Seaport in Western Australia

Port Hedland is one of the largest iron ore loading ports in the world and the largest in Australia. In 2022, it had the largest bulk cargo throughput in Australia. With the neighbouring ports of Port Walcott and Dampier, Port Hedland is one of three major iron ore exporting ports in the Pilbara region of Western Australia.

==History==
Named after Captain Hedland, the master of a ship that anchored there in 1863, Port Hedland was first developed in order to service the needs of the local pastoral industry in East Pilbara. The first jetty was built in 1896, this was extended in 1908 after the discovery of gold in the Marble Bar area.

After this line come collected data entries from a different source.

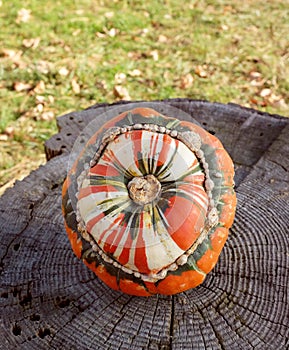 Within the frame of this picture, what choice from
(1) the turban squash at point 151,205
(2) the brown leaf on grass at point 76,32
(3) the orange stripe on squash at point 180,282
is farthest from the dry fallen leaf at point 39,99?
(3) the orange stripe on squash at point 180,282

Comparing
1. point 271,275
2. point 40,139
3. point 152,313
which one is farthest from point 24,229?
point 40,139

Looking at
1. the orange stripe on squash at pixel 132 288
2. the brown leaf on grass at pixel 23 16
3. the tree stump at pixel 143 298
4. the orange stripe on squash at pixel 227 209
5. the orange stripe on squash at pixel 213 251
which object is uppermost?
the orange stripe on squash at pixel 227 209

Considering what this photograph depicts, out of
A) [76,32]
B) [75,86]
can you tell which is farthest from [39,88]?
[76,32]

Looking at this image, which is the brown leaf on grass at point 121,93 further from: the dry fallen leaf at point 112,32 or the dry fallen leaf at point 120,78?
the dry fallen leaf at point 112,32

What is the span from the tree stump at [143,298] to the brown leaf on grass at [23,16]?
3.05m

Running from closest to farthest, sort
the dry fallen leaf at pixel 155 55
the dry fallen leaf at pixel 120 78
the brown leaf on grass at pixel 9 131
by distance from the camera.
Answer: the brown leaf on grass at pixel 9 131 → the dry fallen leaf at pixel 120 78 → the dry fallen leaf at pixel 155 55

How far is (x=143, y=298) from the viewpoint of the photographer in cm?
174

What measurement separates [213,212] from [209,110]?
108 cm

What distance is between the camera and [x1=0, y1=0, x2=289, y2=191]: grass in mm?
3922

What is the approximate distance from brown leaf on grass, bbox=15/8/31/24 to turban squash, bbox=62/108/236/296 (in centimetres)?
359

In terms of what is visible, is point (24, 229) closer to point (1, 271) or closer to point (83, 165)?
point (1, 271)

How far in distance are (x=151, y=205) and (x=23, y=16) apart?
3907 mm

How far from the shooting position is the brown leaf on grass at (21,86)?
4.04 meters

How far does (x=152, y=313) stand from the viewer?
1684 millimetres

Until the 1930s the port was predominantly used to import goods and stores for the local industries and to export pearl, shell, wool, livestock, gold, tin and copper.
With the end of World War II, the port began exporting significant amounts of manganese.

The 1960s saw the development of the port by the iron ore and salt industries. Mount Goldsworthy Mining Associates, a company later absorbed by BHP, dredged an approach channel and turning basin for 65,000 DWT ships. Meanwhile, the Leslie Salt Company, from August 2001 Dampier Salt (part of Rio Tinto), built a land backed wharf and facilities to aid salt exports and fuel imports.

Further dredging was performed after the Mount Newman Mining Company, a subsidiary of BHP, chose Port Hedland as its export port. The new works allowed for ships up to 120,000 DWT.

Between the 1960s and today and extensive dredging and building has taken Port Hedland from a convenient anchorage to 15 berths capable of loading various ores and goods onto ships ranging from 25,000 DWT to 320,000 DWT.

From 1997 to 1999, the Port Hedland Harbour Tunnel was constructed under the Port of Port Hedland to convey iron ore fines to Finucane Island.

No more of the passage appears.